Task to complete: Set down, character for character, everything in the records below from the line holding "Traueranzeige von Emmi" down to the line holding "CHEESECAKE (NO-BAKE STYLE)", and no other line.

══ Material for this exercise ══

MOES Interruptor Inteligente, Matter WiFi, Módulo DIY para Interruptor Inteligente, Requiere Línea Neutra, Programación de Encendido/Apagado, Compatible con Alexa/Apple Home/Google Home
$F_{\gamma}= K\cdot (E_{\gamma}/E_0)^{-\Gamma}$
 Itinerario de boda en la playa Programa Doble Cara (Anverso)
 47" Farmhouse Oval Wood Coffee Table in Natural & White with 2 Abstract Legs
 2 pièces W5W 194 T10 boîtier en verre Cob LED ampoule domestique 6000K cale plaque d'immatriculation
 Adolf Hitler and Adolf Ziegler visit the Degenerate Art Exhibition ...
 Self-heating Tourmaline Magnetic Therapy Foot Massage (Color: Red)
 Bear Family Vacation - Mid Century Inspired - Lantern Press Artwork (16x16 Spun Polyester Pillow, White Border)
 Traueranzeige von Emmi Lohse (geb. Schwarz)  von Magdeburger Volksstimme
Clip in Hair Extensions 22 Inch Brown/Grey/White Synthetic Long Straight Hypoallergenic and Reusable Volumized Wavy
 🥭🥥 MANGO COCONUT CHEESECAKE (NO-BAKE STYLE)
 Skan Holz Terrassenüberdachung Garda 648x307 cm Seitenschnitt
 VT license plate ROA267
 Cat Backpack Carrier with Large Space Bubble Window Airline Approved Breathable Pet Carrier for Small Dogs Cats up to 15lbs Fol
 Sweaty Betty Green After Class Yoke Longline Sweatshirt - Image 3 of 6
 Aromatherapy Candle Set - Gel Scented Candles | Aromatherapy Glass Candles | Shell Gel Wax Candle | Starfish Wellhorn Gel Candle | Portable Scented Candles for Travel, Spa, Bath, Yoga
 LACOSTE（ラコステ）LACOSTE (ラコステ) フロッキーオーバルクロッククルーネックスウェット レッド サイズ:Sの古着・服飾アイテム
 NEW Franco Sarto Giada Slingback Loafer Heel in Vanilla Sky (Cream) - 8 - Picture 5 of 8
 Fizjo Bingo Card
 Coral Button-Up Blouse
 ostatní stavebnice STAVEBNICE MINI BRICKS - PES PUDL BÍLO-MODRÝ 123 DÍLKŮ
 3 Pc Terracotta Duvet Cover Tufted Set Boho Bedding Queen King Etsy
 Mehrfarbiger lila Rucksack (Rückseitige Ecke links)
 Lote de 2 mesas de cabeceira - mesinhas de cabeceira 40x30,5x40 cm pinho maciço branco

═══

Solved problem:
 Traueranzeige von Emmi Lohse (geb. Schwarz)  von Magdeburger Volksstimme
Clip in Hair Extensions 22 Inch Brown/Grey/White Synthetic Long Straight Hypoallergenic and Reusable Volumized Wavy
 🥭🥥 MANGO COCONUT CHEESECAKE (NO-BAKE STYLE)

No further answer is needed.